Эх, знать бы тогда, что Шуга говорил про аварию, можно было бы выведать у него побольше. Теперь приходилось только гадать. Как бы там ни было, Хвиин дала себе чёткую установку оставаться верной своей миссии и не вестись на слова бандитов. Будь то Юнги или кто-то другой. Все они в твой или иной степени являлись преступниками.
Но ситуация с Юнги почему-то не отпускала. Даже в России, по дороге из аэропорта в отель, когда Хвиин отрубилась на заднем сиденье по песню «How can I love the heartbreak?», ей приснился Юнги. Сначала он бегал по длинному полю с ромашками и цикорием, гоняясь за бабочками и кузнечиками. Было очень забавно наблюдать, как он выпрыгивал из высоких цветов и смеялся, будто ребёнок. Ярко светило солнце, дул лёгкий ветер, и волосы Хвиин совсем перепутались. Но она об этом не волновалась. Её внимание было приковано к скачущему по полю Шуге, который в таком непривычно образе походил на жизнерадостного крошечного котёнка. Девушка не переставала смеяться.
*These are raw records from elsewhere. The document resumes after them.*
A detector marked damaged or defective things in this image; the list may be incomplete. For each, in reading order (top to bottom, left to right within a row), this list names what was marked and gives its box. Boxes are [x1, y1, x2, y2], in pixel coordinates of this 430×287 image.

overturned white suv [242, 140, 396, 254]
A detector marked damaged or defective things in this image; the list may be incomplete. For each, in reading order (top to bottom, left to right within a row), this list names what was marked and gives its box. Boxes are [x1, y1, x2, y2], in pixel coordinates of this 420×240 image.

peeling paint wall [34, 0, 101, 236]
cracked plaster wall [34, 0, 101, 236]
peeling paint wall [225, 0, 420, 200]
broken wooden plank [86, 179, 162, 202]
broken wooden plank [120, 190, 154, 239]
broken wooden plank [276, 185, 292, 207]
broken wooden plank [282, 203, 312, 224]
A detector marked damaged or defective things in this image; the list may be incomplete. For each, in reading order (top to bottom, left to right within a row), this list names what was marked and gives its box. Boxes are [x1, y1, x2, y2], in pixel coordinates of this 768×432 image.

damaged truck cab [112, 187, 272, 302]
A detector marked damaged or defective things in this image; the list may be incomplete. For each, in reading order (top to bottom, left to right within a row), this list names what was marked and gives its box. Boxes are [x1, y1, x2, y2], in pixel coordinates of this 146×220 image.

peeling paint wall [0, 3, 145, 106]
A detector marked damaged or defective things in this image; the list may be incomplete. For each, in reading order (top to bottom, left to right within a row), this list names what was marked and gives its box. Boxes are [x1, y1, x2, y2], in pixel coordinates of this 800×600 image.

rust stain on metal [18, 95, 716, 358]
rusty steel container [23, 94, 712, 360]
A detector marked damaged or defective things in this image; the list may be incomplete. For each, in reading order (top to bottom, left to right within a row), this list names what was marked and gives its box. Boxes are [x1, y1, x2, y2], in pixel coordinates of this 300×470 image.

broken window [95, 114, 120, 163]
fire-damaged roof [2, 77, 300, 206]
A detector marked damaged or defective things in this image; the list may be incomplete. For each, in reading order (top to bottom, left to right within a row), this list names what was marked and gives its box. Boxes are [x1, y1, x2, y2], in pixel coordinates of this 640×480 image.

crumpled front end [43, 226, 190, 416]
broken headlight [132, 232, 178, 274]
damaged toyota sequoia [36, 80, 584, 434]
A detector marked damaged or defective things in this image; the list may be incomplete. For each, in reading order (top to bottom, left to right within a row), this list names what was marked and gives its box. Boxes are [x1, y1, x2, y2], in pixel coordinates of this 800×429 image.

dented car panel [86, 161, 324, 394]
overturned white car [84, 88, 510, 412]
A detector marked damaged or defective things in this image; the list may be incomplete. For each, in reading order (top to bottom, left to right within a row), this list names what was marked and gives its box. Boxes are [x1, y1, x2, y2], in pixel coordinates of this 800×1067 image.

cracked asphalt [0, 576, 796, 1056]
Но в один миг всё поменялось. Словно кто-то вошёл в сон и выключил свет. Наступила темнота. Юнги с красными от злобы глазами согнулся над капотом машины Тэхёна и начал перерезать тормозной шланг. Он работал ножовкой так хладнокровно и чётко, словно не раз проделывал подобную процедуру.
Хвиин хотелось кричать, но голос пропал. Слышался только едва различимый хрип, не более. Попытки оттащить Юнги от машины тоже не принесли результатов. Он словно приклеился к ней и никак не желал отлепляться. Сколько бы Хвиин не тянула бандита за руку и за капюшон худи, всё было бесполезно. От отчаяния она начала плакать. Внутри скопилась обида и злость и мощным толчком вырвалась наружу. Хвиин сделала глубокий вдох и на выдохе проснулась. Она резко подалась корпусом вперёд, и если бы не поймавший её Бинзино, непременно бы врезалась в водительское кресло.
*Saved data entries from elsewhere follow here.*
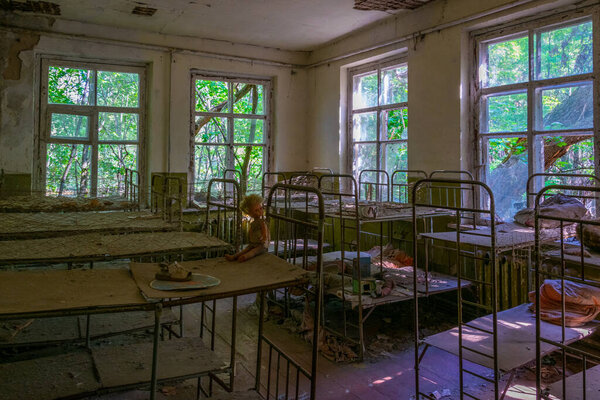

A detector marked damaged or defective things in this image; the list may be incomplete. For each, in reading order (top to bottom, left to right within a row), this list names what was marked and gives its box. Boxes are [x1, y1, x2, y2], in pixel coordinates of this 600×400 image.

peeling paint [2, 33, 39, 80]
broken window frame [36, 57, 146, 198]
broken window frame [190, 72, 272, 198]
broken window frame [346, 56, 408, 194]
rusted metal frame [392, 169, 428, 203]
broken window frame [474, 9, 600, 216]
rusted metal frame [412, 179, 496, 400]
rusted metal frame [536, 184, 600, 396]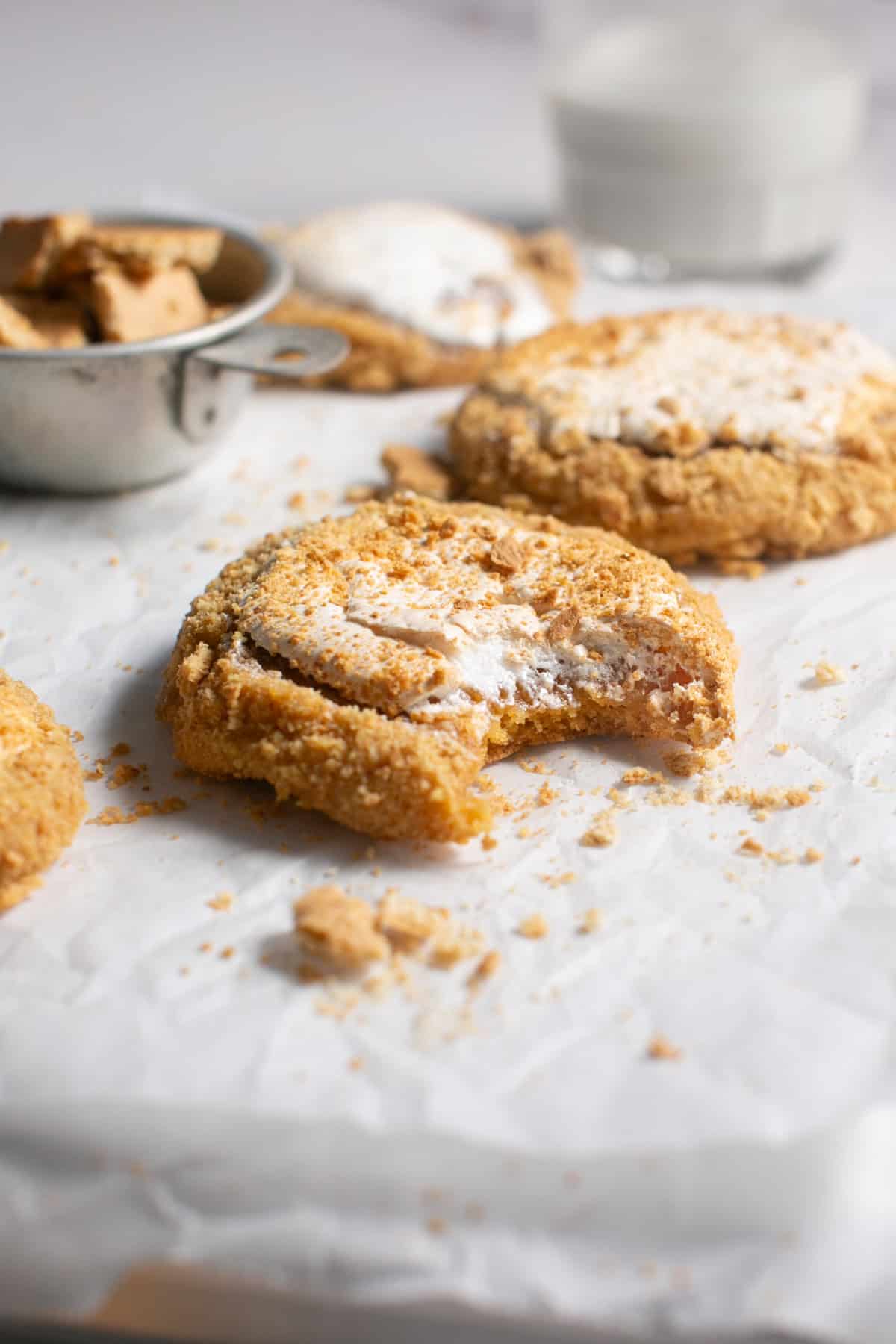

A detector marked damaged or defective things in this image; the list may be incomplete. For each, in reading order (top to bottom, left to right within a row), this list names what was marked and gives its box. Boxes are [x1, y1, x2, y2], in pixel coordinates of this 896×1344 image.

broken shortbread chunk [0, 214, 89, 290]
broken shortbread chunk [90, 264, 211, 343]
broken shortbread chunk [159, 497, 735, 839]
— Чего свитер не сняла? — спросил он. — Не видишь, какая погода? Вон вспотела вся. Давай снимай.
— У меня под ним ничего нет. Хочешь, чтобы я тут нижним бельём светила? Мы не в клубе. И какое тебе дело до того, что я ношу? — Хвиин ещё не отошла от неприятного сна. У неё оставалось ощущение безысходности и страха вперемешку с отвращением, поэтому приказной тон Бинзино бесил её больше обычного. — Мне в свитере удобно. За собой лучше следи. Одеваешься, как подросток.
«Кого тут соблазнять? — пронеслось у неё в голове. — Он же неотёсанный мужлан. Наверное, ни с кем и не встречался за всю жизнь.»
— Приехали, — объявил водитель по-английски. — Сейчас отдыхайте. Завтра в семь тридцать вас заберёт машина. Будьте готовы. Если что-то будет нужно, обращайтесь на ресепшн. В этом отеле для вас всё бесплатно.
Хвиин кивала и улыбалась. Она примерно понимала, о чём говорил водитель, но отвечал ему Бензино. В конце девушка всё-таки сказала «спасибо» по-русски. Она моментально выучила эта слово, потому что с корейским акцентом оно звучало как «Щипащибо» и очень напоминало корейское ругательное слово «Щиба,» которое многие маскировали под отчаянным возгласом «Айщщ».
В лифте Хвиин и Бинзино ехали в полной тишине. Только когда пришло время расходиться по номерам, бандит поклонился и пожелал танцовщице спокойной ночи. Девушка ответила тем же. Зайдя в свой номер, она, первым делом, написала Шихёку, а потом быстро приняла душ и завалилась на кровать. Не прошло и минуты, как она крепко спала. Снов больше не было.